A431細胞をストレス誘導化合物である10mM2-deoxyglucose(2DG)あるいは10mM glucosamine(GlcN)で24時間処理すると、GRP78および94の発現量が増大しストレス応答が確認された(図1)。フローサイトメトリーによる細胞周期解析の結果、2DGあるいはGlcNの処理時間依存的にG1期細胞の増加と共にS期細胞の減少(G1/S ratioの増大)が認められ、ストレスによるA431細胞のG1期停止が明らかになった(図1)。

　上記のストレス環境下では、細胞増殖に十分な増殖因子(血清)が培地中に含まれているにもかかわらず増殖が抑制されることから、ストレスの増殖因子レセプターへの影響を検討することにした。A431細胞の増殖にはEGFレセプターが重要な役割を果たしていることから、ストレス環境下でのEGFレセプターの発現を調べた。EGFレセプターは、130kDdのペプチド部分の翻訳に共役して糖鎖付加され、170kDdの成熟レセプターとして細胞膜表面に発現される。2DGのストレス条件下にA431細胞を曝すと、2DGの処理時間に依存して、170kDaの成熟型EGFレセプターが減少し、その代わりに150kDaのEGFレセプターが増加した(図2A)。2DGなどのストレス誘導化合物が糖鎖合成を阻害すること、EGFレセプターの糖鎖に対する抗体の反応性が低下すること、糖鎖付加を阻害するツニカマイシン処理によって合成される130kDaのレセプターと明確に区別できることから、この150kDaのEGFレセプターは低糖鎖型(underglycosylated)のEGFレセプターであると結論された。

　EGFレセプターは、リガンドEGFの結合により活性化されレセプター自身及び特定の細胞内タンパク質のチロシンをリン酸化しシグナル伝達する。そこで、EGFレセプターのチロシンリン酸化について検討した(図2B)。A431細胞をEGF処理すると、170kDaの成熟EGFレセプターの顕著なチロシンリン酸化が認められた。一方、2DG処理によりストレス応答した細胞をEGF処理した場合には、低糖鎖型150kDaレセプターのチロシンリン酸化は検出されなかった。しかしながら、細胞を破砕後そのlysateにEGFを添加すると、低糖鎖型150kDaレセプターのチロシンリン酸化が顕著に誘導された。したがって、この低糖鎖型レセプターはEGFに対する反応性を有していることが明らかになった。EGFは細胞膜を透過できないことから、低糖鎖型150kDa EGFレセプターは細胞内に存在し、細胞外のEGFと結合できないためにEGFによる活性化(チロシンリン酸化)が起こらないものと考えられた。

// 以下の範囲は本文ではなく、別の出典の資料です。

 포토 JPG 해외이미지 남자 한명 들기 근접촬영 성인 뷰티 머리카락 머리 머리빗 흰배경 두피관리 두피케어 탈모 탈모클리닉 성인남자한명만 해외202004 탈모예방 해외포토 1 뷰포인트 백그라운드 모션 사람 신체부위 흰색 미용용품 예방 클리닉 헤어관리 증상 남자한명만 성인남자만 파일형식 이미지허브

　ストレスにより誘導されるGRP78は、小胞体(ER)の内腔に局在し、合成途中のタンパク質に結合し正常なフォールディングを補助したり、異常な構造を持つタンパク質や未成熟なタンパク質に結合し小胞体外への分泌を防ぐなど分子シャペロンとして機能する。ストレス条件下で合成される低糖鎖型の150kDa EGFレセプターとこのGRP78の複合体形成について免疫沈降法により検討した。2DG処理によりストレス応答したA431細胞のlysateを用い、抗GRP78抗体によって免疫沈降すると、GRP78とともに150kDa EGFレセプターが共沈した(図3A)。抗EGFレセプター抗体で免疫沈降した場合にもEGFレセプターとともにGRP78が共沈した(図3B)。したがって、GRP78と150kDa EGFレセプターは複合体を形成していることが明らかになった。このGRP78と150kDa EGFレセプターの複合体は、ATPの添加により解離されたことから(図3B)、複合体の形成にはGRP78の分子シャペロンとしての機能が関与していることが示唆された。GRP78は、ストレス条件下で合成される低糖鎖型150kDa EGFレセプターと結合することにより、レセプターを小胞体内にとどめていると考えられた。

　上記の結果より、ストレス応答したA431細ではEGFレセプターがGRP78と細胞内で複合体を形成し、細胞膜上に発現しないためにEGFからの増殖シグナルが遮断されていることが示された。このEGFシグナルの遮断が、細胞周期のG1期停止に関与するかを検証するため,G1期からS期の進行に必要なG1サイクリンのサイクリンD3の発現を調べた。Dタイプサイクリンの発現は一般に増殖因子刺激に依存しており、A431細胞においても血清の除去によりサイクリンD3の発現が低下し、また、EGFの添加によりサイクリンD3の発現が誘導された(図4A and B)。したがって、A431細胞でのサイクリンD3の発現は正常に制御されており、また、EGFによって誘導されることがわかった。次に、2DGおよびGlcN処理によってストレス応答したA431細胞について検討してみると、これらのストレスによりサイクリンD3の発現量が顕著に低下した(図4C)。このことから、ストレスによるEGFシグナルの遮断がG1期停止に直接関与していることが示唆された。

　GRP78/EGFレセプター複合形成と細胞周期のG1期停止との関係をさらに検証するため、ストレス条件下からのrelease実験を行った。2DG処理24時間後に培地交換しA431細胞をストレス環境下より解放すると、GRP78/EGFレセプター複合体は解離され、それに伴いEGFレセプターは徐々に170kDaの成熟型に変化していった(図5A)。EGFレセプターのチロシンリン酸化も回復し(図5B)、さらに、サイクリンD3の発現(図5C)も回復することが明らかになった。これらの変化に伴いG1/S ratioが低下し細胞周期のG1期からS期への進行が観察された(図5D)。

　ストレス応答したA431細胞において低糖鎖型のEGFレセプターが産生されることを見い出した。低糖鎖型EGFレセプターは、細胞膜上に発現せず、分子シャペロンGRP78と安定な複合体を形成し細胞内に存在することを明らかにした。GRP78/EGFレセプター複合体の形成は、G1期からS期の進行に重要なサイクリンD3の発現低下を導き、ストレス応答したA431細胞のG1期停止に関与することを示した。以上のことからストレスにより誘導されるGRP78は、EGFレセプターを細胞内にとどめ、EGFからサイクリンD3への増殖シグナルを遮断し、ストレス環境下でのA431細胞の増殖を制御していると考えられた。